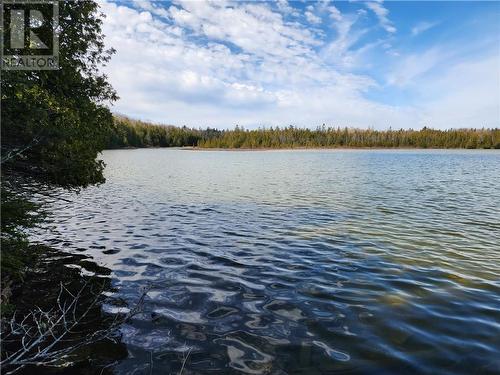 Lot 12 Con 1 Stone'S Lake, Mills Twp., Burpee And Mills, ON 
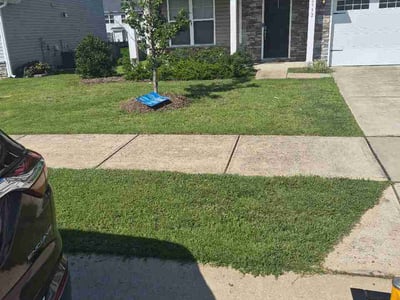 Lawn Care service in Zebulon, 27597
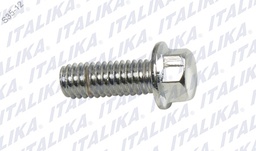 [F11020054] TORNILLO M6*16 VS90, WS150, PS90, GTS175, DS150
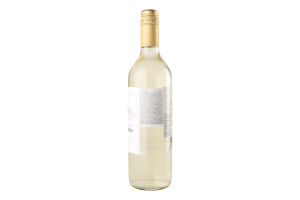 Вино 0.75л 10% белое сухое виноградное Castillo Lagomar бут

EXERCISE OBJECTIVE:
Could you give the listing again exactly as it stands, minus any pictures?

EXERCISE ANSWER:
 Lot 12 Con 1 Stone'S Lake, Mills Twp., Burpee And Mills, ON 
 Lawn Care service in Zebulon, 27597
 [F11020054] TORNILLO M6*16 VS90, WS150, PS90, GTS175, DS150
 Вино 0.75л 10% белое сухое виноградное Castillo Lagomar бут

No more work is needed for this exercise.